⟨

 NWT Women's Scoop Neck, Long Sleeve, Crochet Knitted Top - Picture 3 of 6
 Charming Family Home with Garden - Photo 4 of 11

⟩
⟨

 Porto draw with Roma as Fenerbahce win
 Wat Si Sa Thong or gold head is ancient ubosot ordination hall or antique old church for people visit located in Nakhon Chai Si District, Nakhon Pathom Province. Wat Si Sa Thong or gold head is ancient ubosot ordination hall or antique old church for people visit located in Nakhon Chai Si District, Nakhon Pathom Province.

⟩

What is needed »
Wherever a line holds the word "with", copy that line out of the entries above.

Task solution »
 Charming Family Home with Garden - Photo 4 of 11
 Porto draw with Roma as Fenerbahce win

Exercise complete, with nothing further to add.